Brussels and UK negotiators will kick-start the formal aspect of talks in a bid to secure a post-Brexit trade deal on Tuesday, following a working dinner between the lead figures in central London.
The European Union’s chief negotiator, Michel Barnier, has returned to London, having previously been in the UK for fringe talks only a fortnight ago, for the latest round of discussions as the two sides seek to end the deadlock.
Mr Barnier tweeted that he and UK counterpart David Frost, the Prime Minister’s Europe adviser, shared a poignant moment as they paused together in front of the statue of General Charles de Gaulle following dinner on Monday in Westminster.
He said: “At the occasion of the working dinner with my counterpart, David Frost, at Carlton Gardens, a brief moment remembering our shared European history.”
There continue to be a number of key sticking points in the way of agreeing a deal before the transition period ends in January.
The points of dispute – the “level playing field” of measures designed to ensure fair competition between the UK and EU, fisheries, and the governance of any deal – will be on the agenda in Tuesday’s sessions.
Ahead of the talks, Downing Street acknowledged that significant differences remained between the two sides.
“In terms of the discussions that we have been having throughout the intensified process, they have continued to be constructive but significant differences still remain on a number of important issues,” the Prime Minister’s official spokesman said.

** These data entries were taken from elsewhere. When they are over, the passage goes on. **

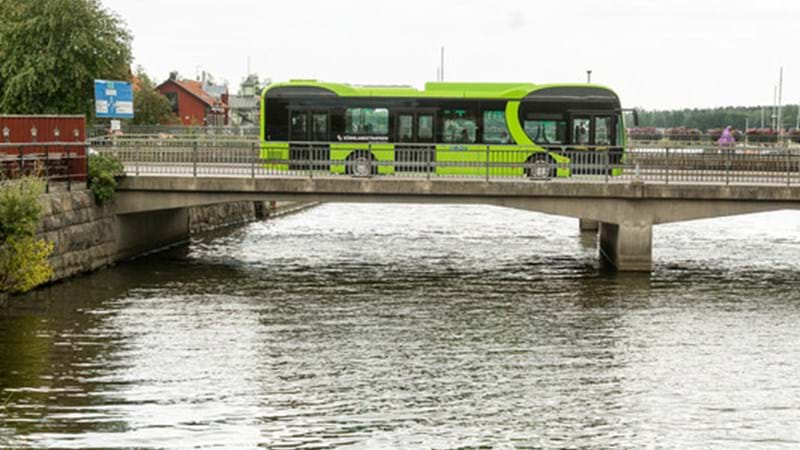 Buss på en bro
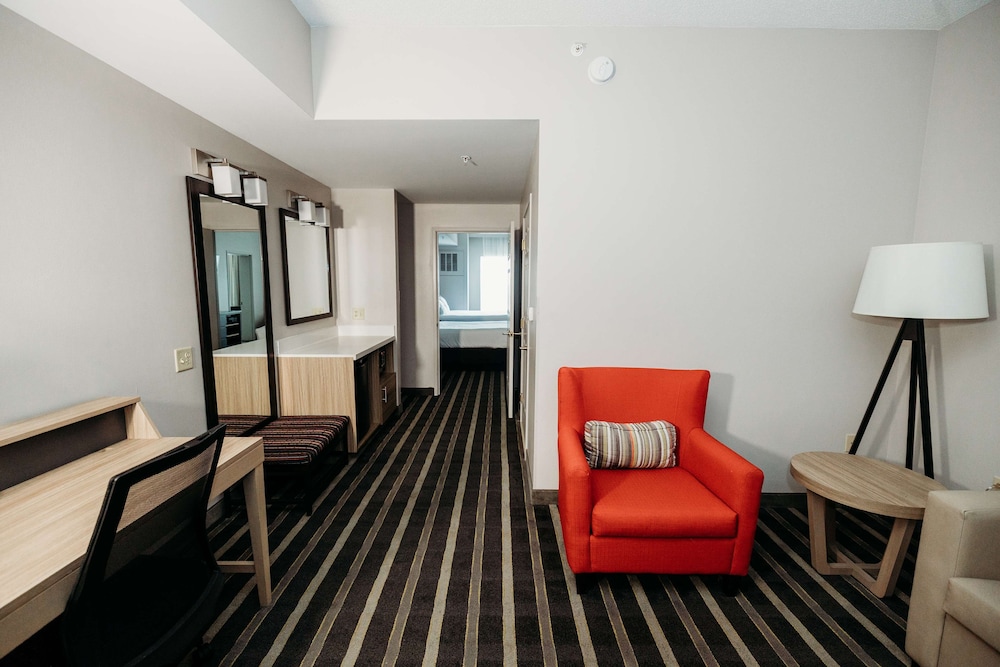 Parkview Inn & Suites, Lancaster Amish Country, PA 19/26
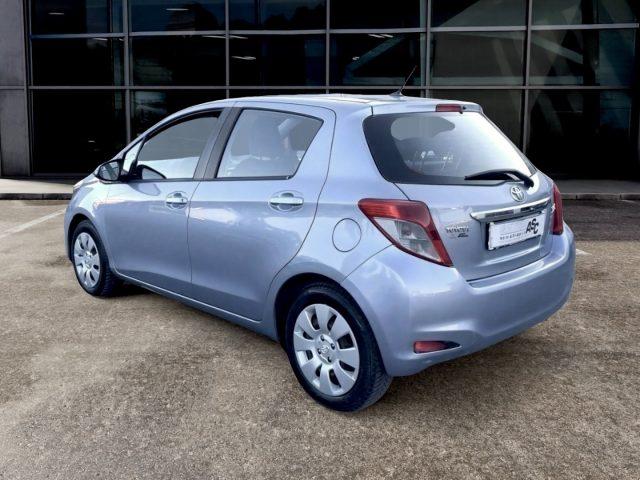 TOYOTA Yaris 1.0 BENZ 69 CV 5 porte Lounge OK NEOPATENTATI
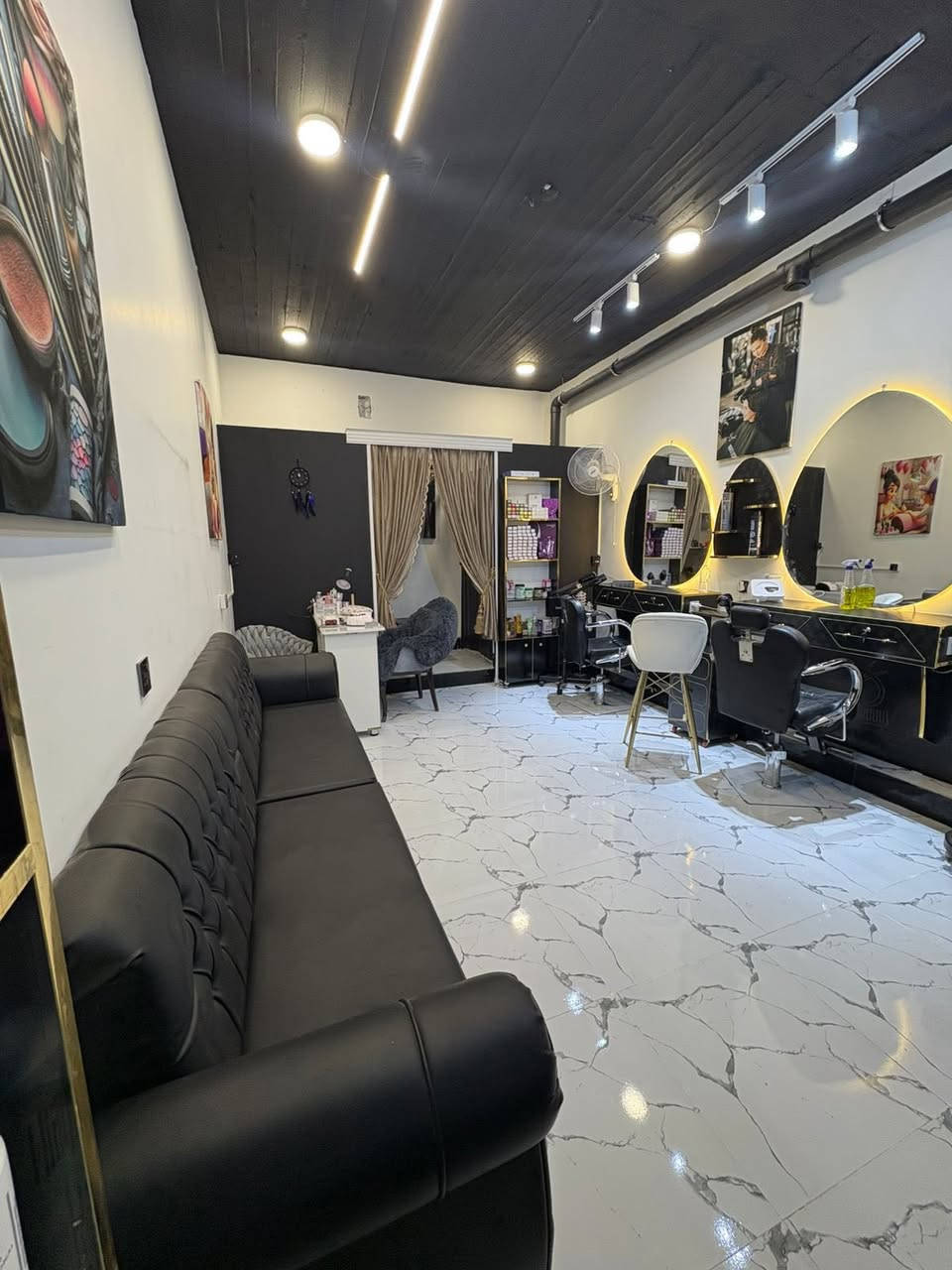 صالون متكامل لل بيع عنوان ناصرية مركز ***********
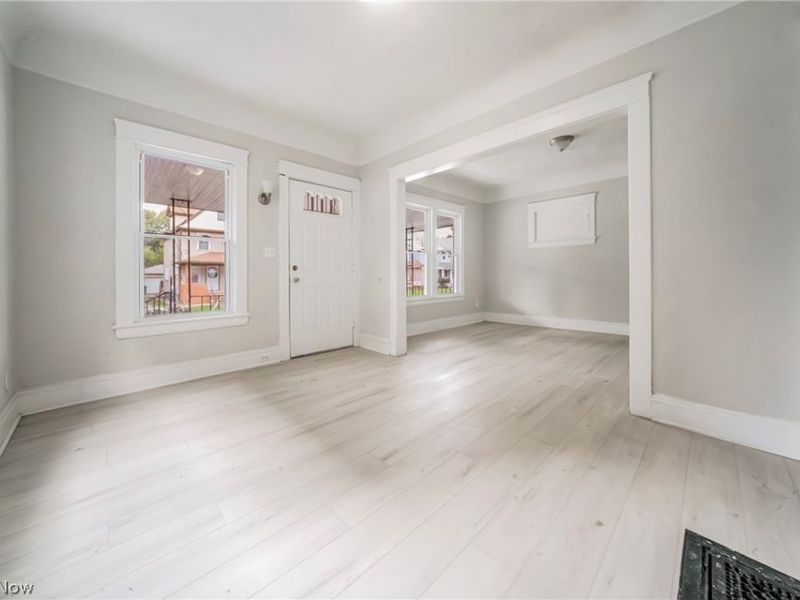 1217 E 113th Street, Cleveland, OH 44108 Photo 4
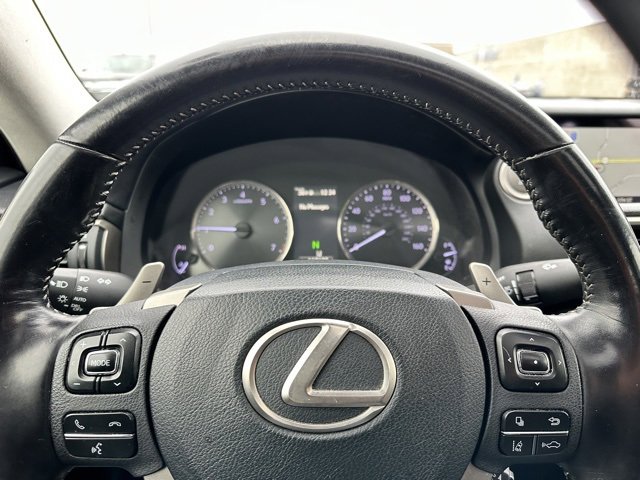 Used 2018 Lexus IS 300 AWD image 22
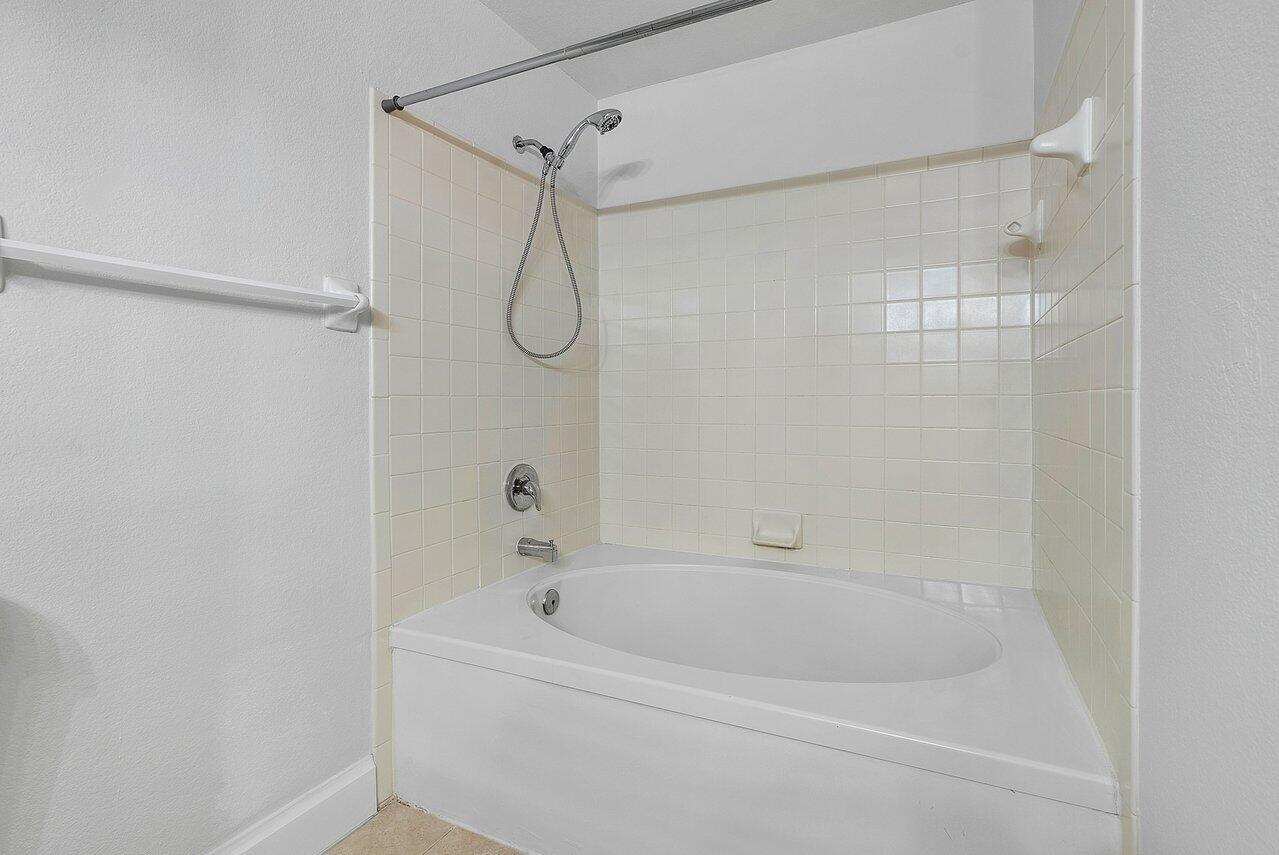1760 Palm Cove Boulevard 5-307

“Our position on our sovereignty, laws and fisheries is clear – we will not give up our rights as an independent state.
“We will continue to engage constructively with the EU on these key issues and will work hard to reach the broad outline of an agreement.
“But, as we have been clear all along, we are not asking for a special, bespoke or unique deal.”
The Prime Minister previously said there was “no reason why we shouldn’t get this done in July” but that now looks a distant prospect, with No 10 instead saying talks should not continue into the autumn.
The UK has ruled out extending the transition period, meaning the current arrangements with the EU will expire at the end of the year.
The spokesman said: “We don’t want talks to drag on into the autumn and want to make progress as quickly as possible in order to give certainty and clarity to business.”
Meanwhile, EU leaders have agreed on a 1.82 trillion euro (£1.64 trillion) budget and coronavirus recovery fund.
Officials said the EU had agreed on a 750 billion euro (£677 billion) fund to be sent as loans and grants to countries hit hardest by Covid-19, and this comes on top of the seven-year one trillion euro (£900 billion) EU budget.